Even the Hopeless Have Hope


This weekend was a true lesson in hope for me, and I want to share it with you. After all, anything that can strike a little hope in your heart seems especially fitting this week after the nauseating events that took place at the Boston Marathon yesterday afternoon.  So here it goes.

On Saturday, I spent a few hours (ended up feeling more like five minutes) volunteering with a church program called Youth Lounge. Please note that whether you believe in church or religion is not the point here at all, so regardless of your beliefs, I urge you to read on. Anyhoo, I had been searching for a volunteer opportunity for a while now, and this really seemed like the perfect fit. I felt that my positive energy and optimistic attitude could help uplift these young people and inspire a little hope in them. I never thought they would do the same and more for me.

Youth Lounge essentially provides a safe space for homeless and at-risk youth in Chicago’s Lakeview community. A majority of these teenagers and young adults identify as LGBTQ, 90 percent of them are people of color and a little over half of them are homeless.
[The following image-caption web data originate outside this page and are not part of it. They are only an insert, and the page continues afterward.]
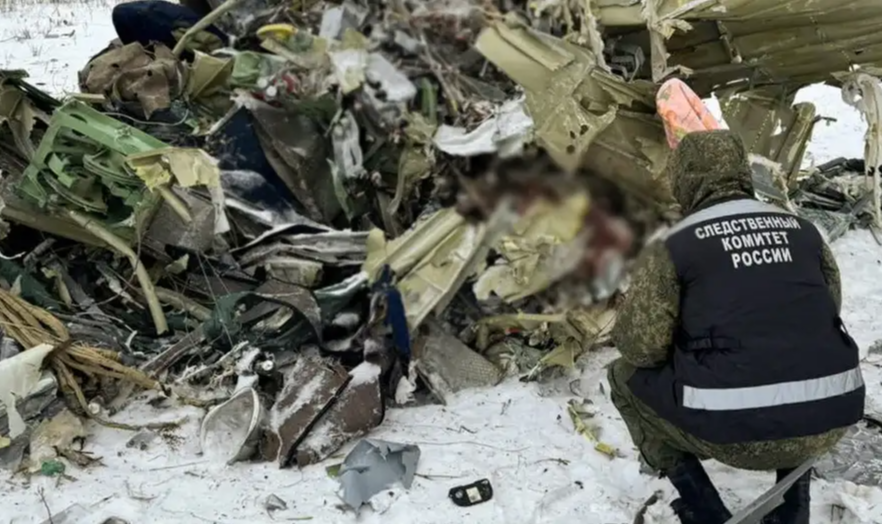 Aeronave levava 65 soldados ucranianos; Moscou acusa Kiev de alvejar voo e caixas-pretas são encontradas
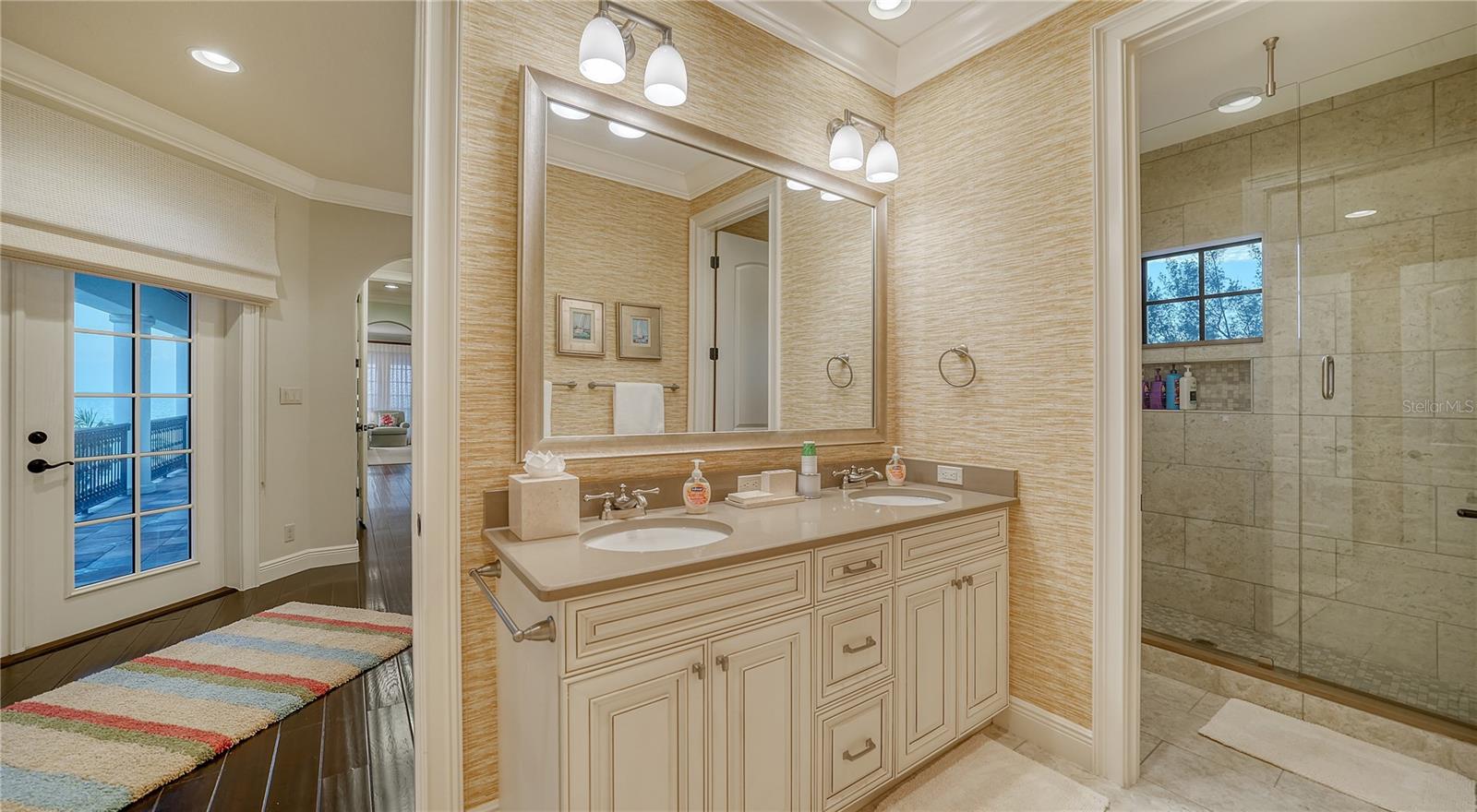 LONGBOAT KEY - Residential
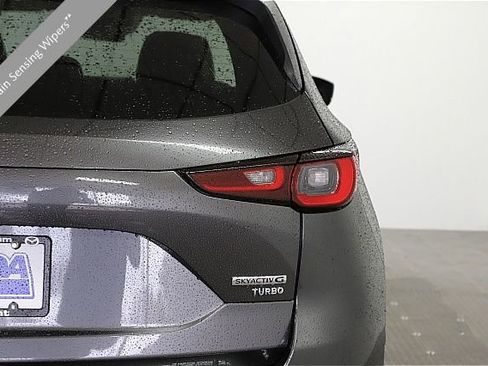 Used 2025 MAZDA CX-5 Signature image 11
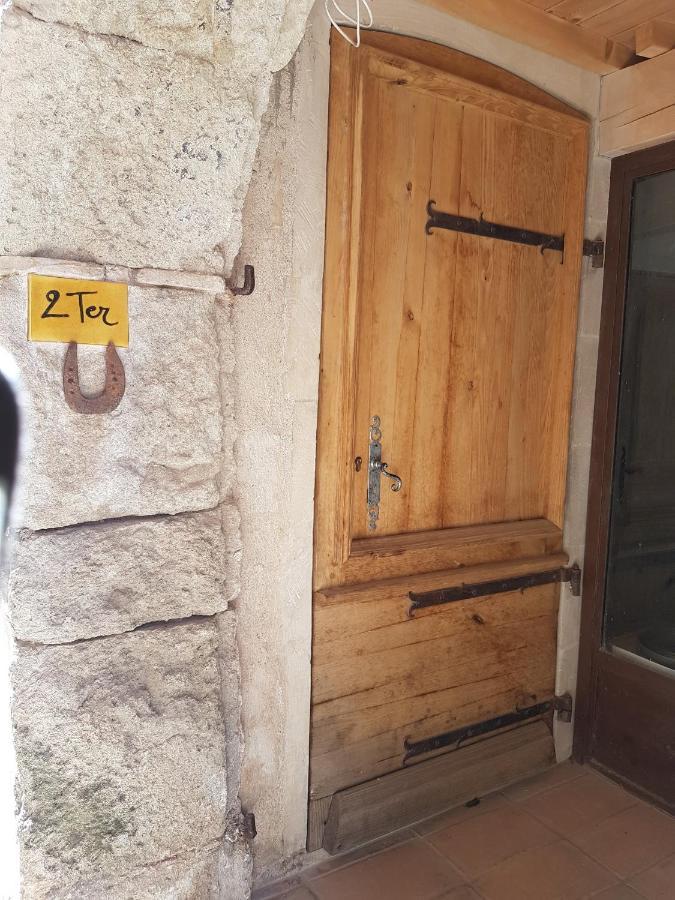 Les Studios De St Guilhem Saint-Guilhem-le-Desert Zewnętrze zdjęcie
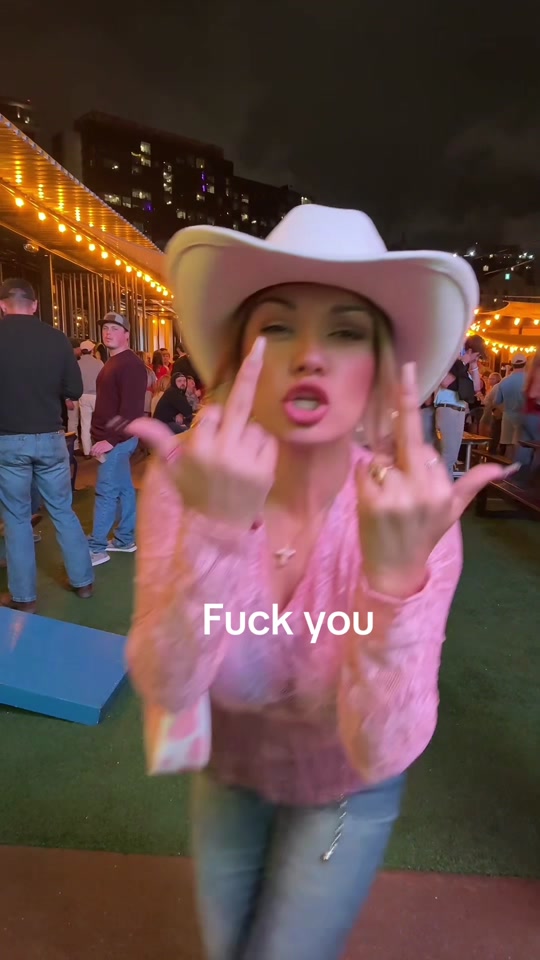 @Justchristinaab
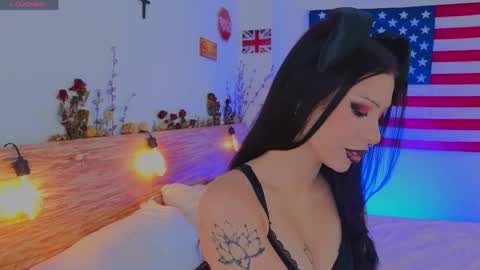 Vivian online show from 05.30.26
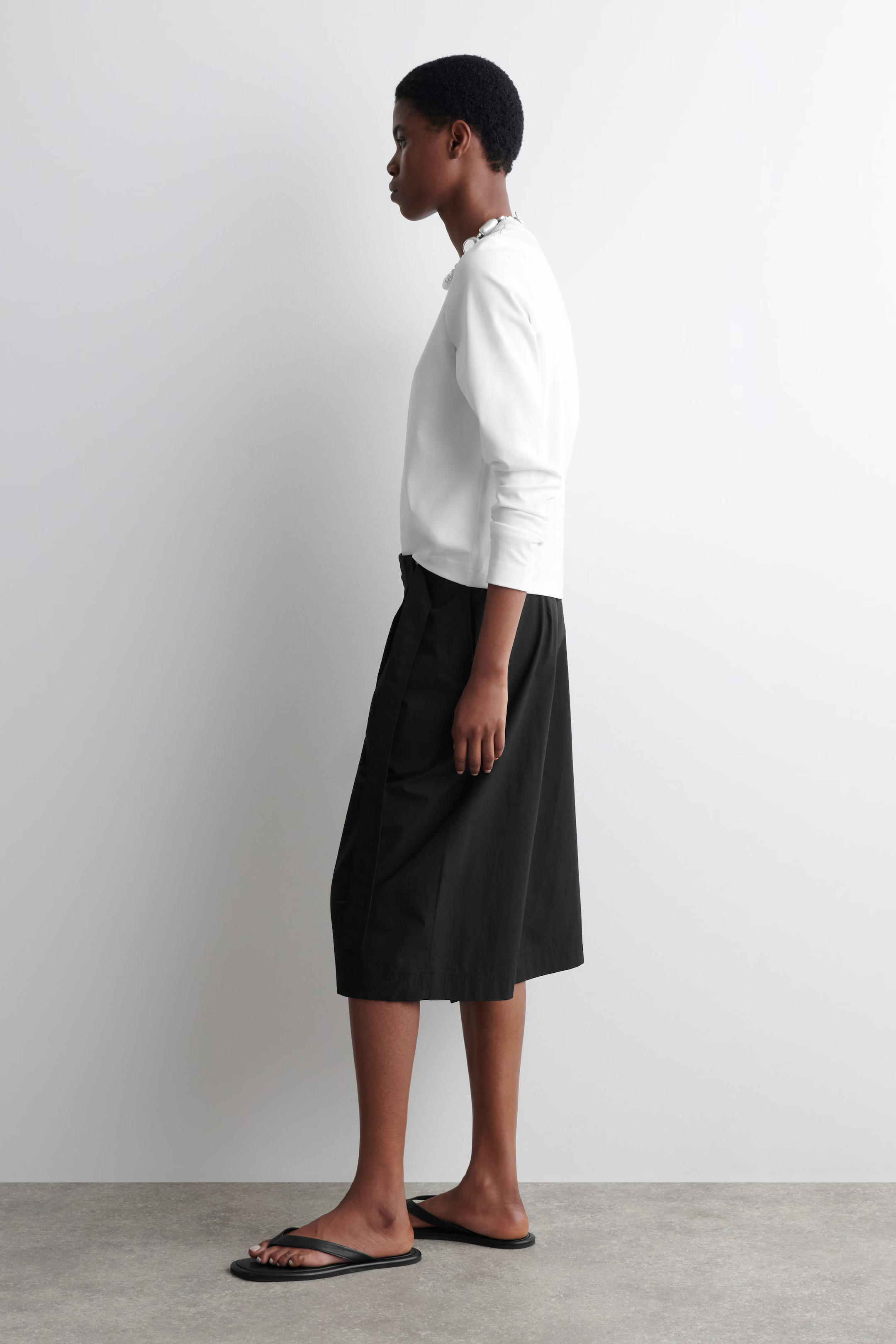 SCHLICHTES LANGARMSHIRT MIT NORMALER PASSFORM - WEISS | COS DE | COS (EU)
Youth Lounge is put on by Broadway United Methodist Church volunteers twice a month on the second and fourth Saturdays, and provides a home cooked meal, activities and a loving environment for these struggling youth.

This particular Saturday was my first time volunteering with the group, and as a hyper emotional person, I was afraid. I was afraid to unintentionally make it about me. I was afraid to make these kids feel as though I felt sorry for them or looked down on them in any way. And as they started walking in the door, many of them with luggage and bags in tote, the tears began to well up in my eyes. I took deep breathes, and kept telling myself, you have to smile, this is not about you, they need your HAPPY.
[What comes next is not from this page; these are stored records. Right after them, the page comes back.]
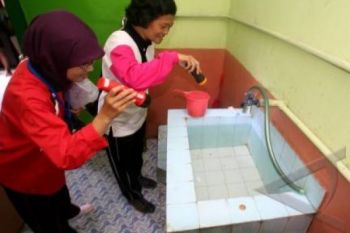 Tekan DBD, Pemkot dan Warga Berantas Sarang Nyamuk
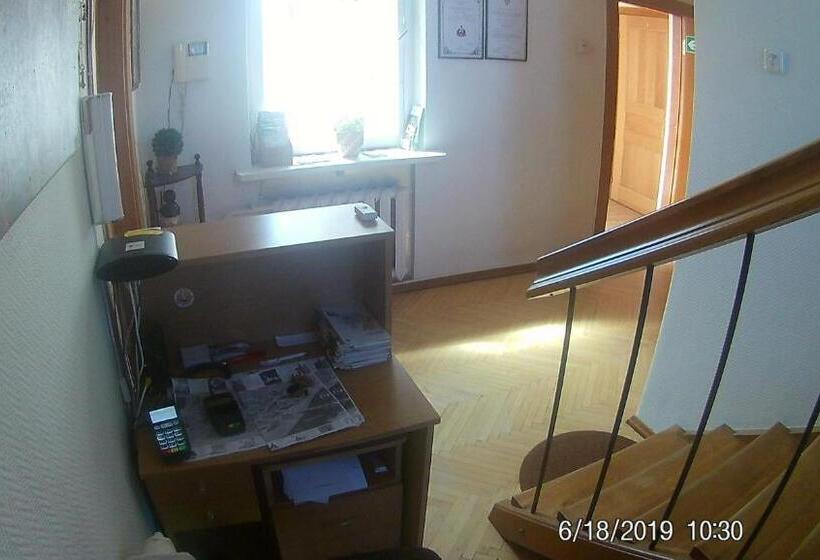 استودیوی استاندارد, Family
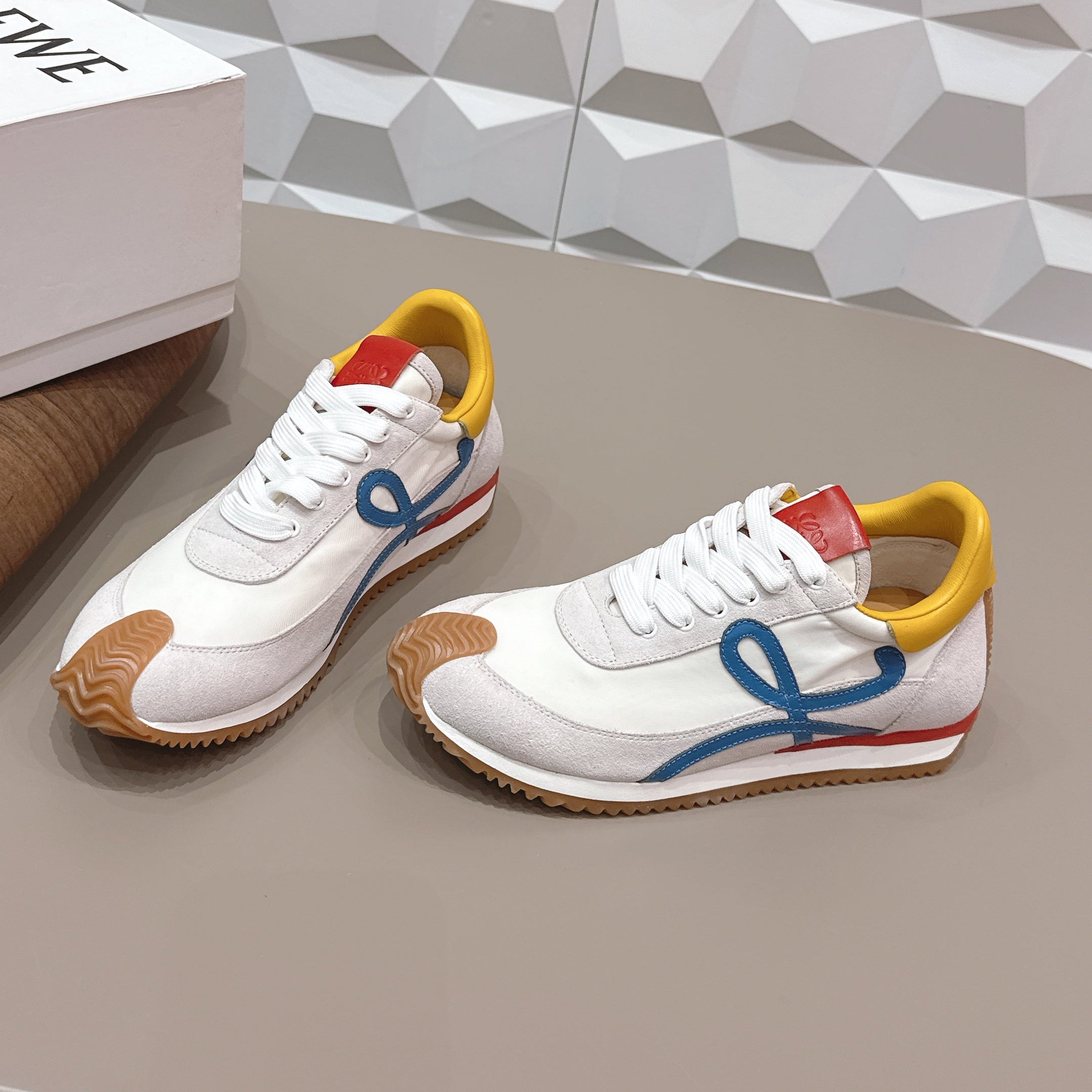 L2-Sneakers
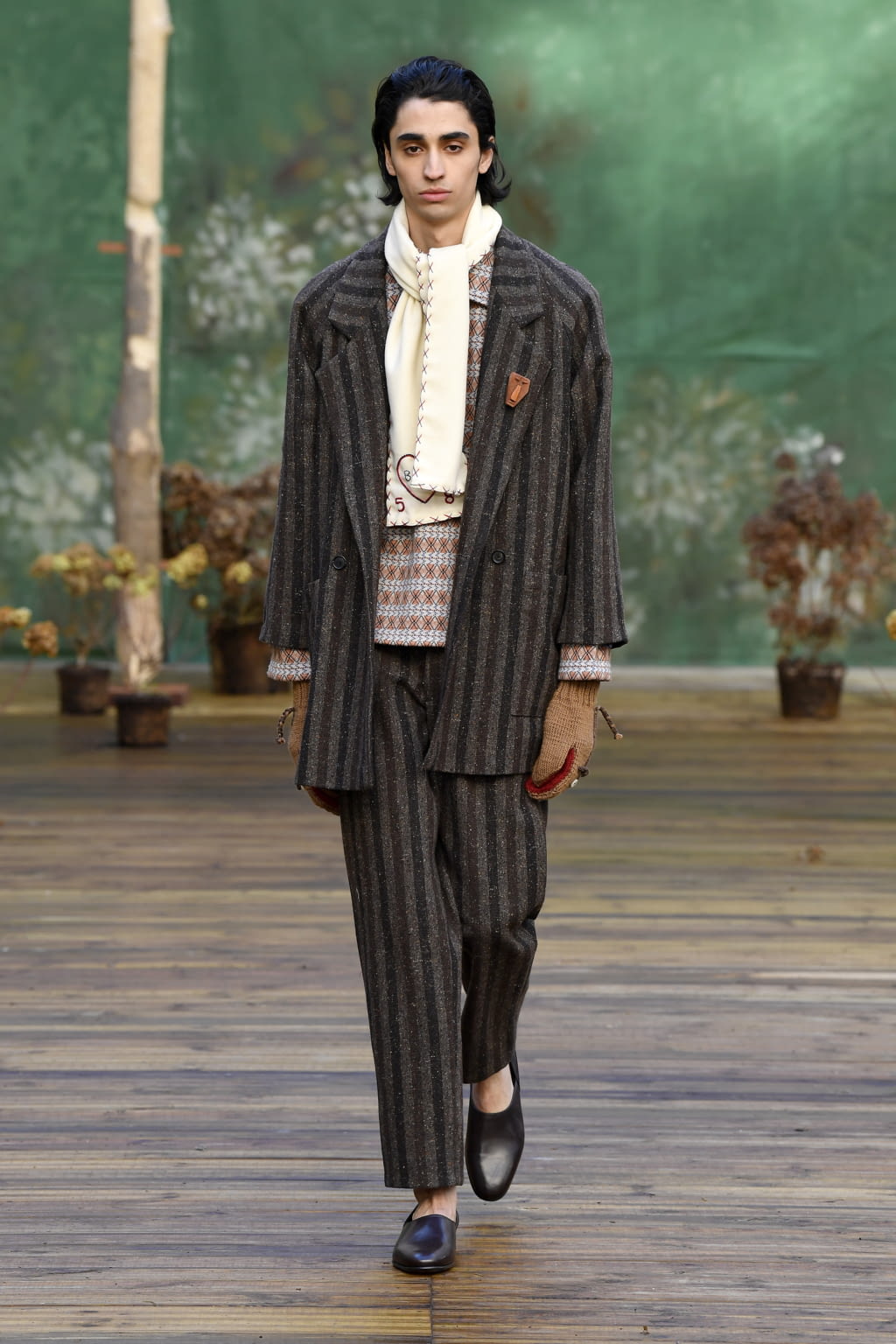 Fashion Week Paris Fall/Winter 2020 look 28 from the Bode collection menswear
Little by little, I completely forgot about my tears, and began to be inspired by them. Here they were, so young, many with no place to live, no safe environment to trust, and yet they were so luminous. Many of them knew each other and ran to one another in warm embraces. Many also made jokes and were happy to see the volunteers they already knew. Suddenly, they were not victims in my eyes. They were just kids and despite their situations, they seemed joyful and full of life. They seemed to be oozing with HOPE.

The afternoon began with several musical performances after which the kids all sat down to brightly decorated tables for a warm, home cooked meal prepared by some of the volunteers. They all gathered with their friends, chatted and laughed as the volunteers came by to take their orders and serve them. Some kids seemed very comfortable being served and others seemed almost shocked at the niceness and attention being offered to them. One particular youth could hardly look me in the eyes as I asked him what he wanted to drink and thanked me quietly almost five times.

Dinner time went by so quickly. I forgot about all of my feelings, and suddenly I just felt so focused on giving them what they needed. Soon it was time for the beauty parlor activity. Before the youth had arrived, I had helped set up a little nail spa in the back of the room. Their names were all put in a hat, and several were chosen to receive a manicure. Although my shift was over, I decided to stay a little longer and help do nails. I love getting my nails done, and did it on my own for many years when I couldn’t afford to get them done. I still get a great sense of progress and relaxation when I go have them done, and I couldn’t wait to offer the youth a little pampering and sense of being special.

I had two gentlemen “clients,” and they were so excited to be pampered. They both chose to have their nails polished in addition to the manicure, and I was happy to help them express themselves. One of them told me all about his foster mom as I did his nails, and the other told me about his struggle with drug abuse and having to fight just to be himself in public. He had been to rehab and told me all about how he’s doing much better now.  I was so glad to hear it. They both laughed and joked with me, opened up to me, and taught me more about hope and resilience than I had ever expected them to.  They had fighter spirits, and despite everything they had been through, they seemed to appreciate life and find ways to smile.

I learned so much from these kids in just a few hours. I learned that you can have nearly nothing and still have a huge smile on your face. I learned that there is always something to look forward to in life if you choose to see it that way. I was also reminded that even though I have my own childhood and adolescent noise, I am so, so lucky. I always had a roof over my head and food to eat, and my parents, despite their many imperfections, never abandoned or disowned me. I was reminded that there is hope all around me, all around us, even from unexpected sources. And most importantly, I was reminded that if those who we would expect to be hopeless can find a way to have hope in their lives and in their hearts, those of us who have been more fortunate can certainly find a way to be more hopeful and optimistic each day.

My thoughts, prayers, hope and heart go out to these beautiful young people, to all those affected by the events in Boston, and to all of you out there searching for a better day. I urge you, as I always do, to pay attention. Hope is all around us, and ready to help us make it through just about anything. At least that’s my hope.